(Extracted data entries)

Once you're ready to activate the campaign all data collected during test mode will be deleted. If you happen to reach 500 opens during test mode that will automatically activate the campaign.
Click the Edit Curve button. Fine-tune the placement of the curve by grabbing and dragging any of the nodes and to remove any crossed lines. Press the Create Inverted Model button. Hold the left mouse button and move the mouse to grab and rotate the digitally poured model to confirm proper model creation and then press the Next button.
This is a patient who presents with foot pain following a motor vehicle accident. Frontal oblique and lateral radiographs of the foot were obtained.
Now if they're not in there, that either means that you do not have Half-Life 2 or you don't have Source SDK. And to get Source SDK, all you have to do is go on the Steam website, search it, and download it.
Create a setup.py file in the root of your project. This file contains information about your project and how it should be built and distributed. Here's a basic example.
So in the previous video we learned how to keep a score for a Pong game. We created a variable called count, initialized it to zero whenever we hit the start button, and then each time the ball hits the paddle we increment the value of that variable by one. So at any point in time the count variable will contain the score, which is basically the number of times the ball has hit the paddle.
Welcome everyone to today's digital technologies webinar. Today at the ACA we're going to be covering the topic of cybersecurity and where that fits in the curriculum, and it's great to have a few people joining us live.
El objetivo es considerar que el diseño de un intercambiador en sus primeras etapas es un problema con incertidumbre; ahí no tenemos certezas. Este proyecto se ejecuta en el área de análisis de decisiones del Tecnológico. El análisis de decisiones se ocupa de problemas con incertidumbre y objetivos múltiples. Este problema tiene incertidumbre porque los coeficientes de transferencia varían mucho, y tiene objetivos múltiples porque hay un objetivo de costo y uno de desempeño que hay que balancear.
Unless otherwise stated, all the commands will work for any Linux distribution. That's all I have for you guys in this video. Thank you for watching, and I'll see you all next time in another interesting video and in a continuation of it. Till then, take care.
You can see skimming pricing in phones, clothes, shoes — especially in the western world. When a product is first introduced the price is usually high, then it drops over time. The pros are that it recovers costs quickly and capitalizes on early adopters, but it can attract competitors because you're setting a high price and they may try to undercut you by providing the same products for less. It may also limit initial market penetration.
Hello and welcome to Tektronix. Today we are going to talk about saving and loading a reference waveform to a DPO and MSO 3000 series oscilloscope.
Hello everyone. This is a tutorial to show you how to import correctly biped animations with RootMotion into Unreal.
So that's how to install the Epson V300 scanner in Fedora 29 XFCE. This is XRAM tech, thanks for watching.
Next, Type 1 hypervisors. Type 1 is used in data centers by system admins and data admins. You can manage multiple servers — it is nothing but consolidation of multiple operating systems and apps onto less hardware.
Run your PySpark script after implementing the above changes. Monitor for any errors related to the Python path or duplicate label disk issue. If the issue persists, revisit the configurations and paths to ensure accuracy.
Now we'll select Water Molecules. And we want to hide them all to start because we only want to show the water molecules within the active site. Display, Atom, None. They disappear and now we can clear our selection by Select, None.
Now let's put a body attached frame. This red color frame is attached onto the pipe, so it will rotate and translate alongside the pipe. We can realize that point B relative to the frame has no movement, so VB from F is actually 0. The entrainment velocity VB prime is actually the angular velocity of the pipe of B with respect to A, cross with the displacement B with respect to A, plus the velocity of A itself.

> _Task directions_: All lines of the entries above where "watching" turns up should be reported.

> _Solution for this exercise_:
Unless otherwise stated, all the commands will work for any Linux distribution. That's all I have for you guys in this video. Thank you for watching, and I'll see you all next time in another interesting video and in a continuation of it. Till then, take care.
So that's how to install the Epson V300 scanner in Fedora 29 XFCE. This is XRAM tech, thanks for watching.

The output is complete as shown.